Question

A real number \[\dfrac{{{2^2} \times {3^2} \times {7^2}}}{{{2^5} \times {5^3} \times {3^2} \times 7}}\] will have
(a) Terminating decimal
(b) Non-terminating decimal
(c) Non-terminating and non-repeating decimal
(d) Terminating repeating decimal

Answer 1

Hint: Before solving this question, we must know about the concept of terminating and non-terminating decimals. We will firstly cancel the common factors in the numerator and denominator and then express the denominator in the powers of prime factors only. If the denominator consists of the powers of two and five only, then the decimal expansion is terminating.

Complete step-by-step answer:
If the number has finite terms after the decimal point, then we will say it is terminating decimal. Else, if the number does not have an end term after the decimal point, we say it is a non-terminating decimal.
Also, if in a number, a digit or a sequence of digits in the decimal part keeps repeating itself, we say it is a repeating decimal otherwise it is non repeating decimal.

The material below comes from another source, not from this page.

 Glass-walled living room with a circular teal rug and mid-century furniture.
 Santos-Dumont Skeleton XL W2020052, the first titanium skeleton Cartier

We have given a real number i.e.,
\[\dfrac{{{2^2} \times {3^2} \times {7^2}}}{{{2^5} \times {5^3} \times {3^2} \times 7}} - - - \left( 1 \right)\]
Now using the concept of fractions, we know that \[\dfrac{{{a^m}}}{{{a^n}}} = {a^{m - n}}\]
Therefore, equation \[\left( 1 \right)\] can be written as,
\[\dfrac{{{2^{2 - 5}} \times {3^{2 - 2}} \times {7^{2 - 1}}}}{{{5^3}}}\]
On simplifying, we get
\[\dfrac{{{2^{ - 3}} \times {3^0} \times {7^1}}}{{{5^3}}}{\text{ }} - - - \left( 2 \right)\]
And we know that, \[\left( {{a^0} = 1} \right)\]
\[\therefore {\text{ }}{3^0} = 1\]
So, equation \[\left( 2 \right)\] can be written as,
\[\dfrac{{{2^{ - 3}} \times 1 \times {7^1}}}{{{5^3}}}\]
\[ \Rightarrow \dfrac{{{2^{ - 3}} \times {7^1}}}{{{5^3}}}{\text{ }} - - - \left( 3 \right)\]
Now, we know that \[{a^{ - n}} = \dfrac{1}{{{a^n}}}\]
Therefore, \[{2^{ - 3}} = \dfrac{1}{{{2^3}}}\]
So, equation \[\left( 3 \right)\] becomes,
\[\dfrac{{{7^1}}}{{{5^3} \times {2^3}}}{\text{ }} - - - \left( 4 \right)\]
As we know that, \[{a^n} = a \times a \times a \times .....n{\text{ }}times\]
\[\therefore {5^3} = 5 \times 5 \times 5{\text{ }}\left( {{\text{3 }}times} \right)\]
\[ \Rightarrow {5^3} = 125\]
And similarly, \[{2^3} = 2 \times 2 \times 2{\text{ }}\left( {{\text{3 }}times} \right)\]
\[ \Rightarrow {2^3} = 8\]
So, equation \[\left( 4 \right)\] becomes,
\[\dfrac{7}{{125 \times 8}}{\text{ }}\]
\[ \Rightarrow \dfrac{7}{{1000}}{\text{ = 0}}{\text{.007}}\]
As we can see, a number has finite terms after the decimal point.
Therefore, it is a terminating decimal.
So, the correct answer is “Option a”.

Note: This number can also be called as terminating non-repeating decimal as we can see that the digits are not repeating. But usually, we call it a terminating decimal only. Also, there is a point to note that in the question we had a minimum number of terms in the denominators, so we solve their powers manually. But if the question had maximum number of terms, then we will use the formula, i.e., \[{\left( {a \times b} \right)^m} = {a^m} \times {b^m}\] and find our result.
We can also use this formula in this question to get the result,
Like from equation \[\left( 4 \right)\]
i.e., \[\dfrac{{{7^1}}}{{{5^3} \times {2^3}}}{\text{ }}\]
we can also write it as,
\[\dfrac{{{7^1}}}{{{{\left( {5 \times 2} \right)}^3}}} = \dfrac{7}{{{{10}^3}}} = \dfrac{7}{{1000}} = 0.007\] and hence we get our required result easily.
Also, there is a key point about terminating decimals that is, if we can express the denominator of simplified rational number in the form of \[{2^p}{5^q}\] where \[p,q \in N\] then the number has terminating decimal expansion only. There is no need to solve further.
Like in this question, in the denominator we get \[{5^3} \times {2^3}\] which is of the form \[{2^p}{5^q}\] hence it satisfy the condition for terminating decimal expansion, so if we don’t solve it further, that will be fine too.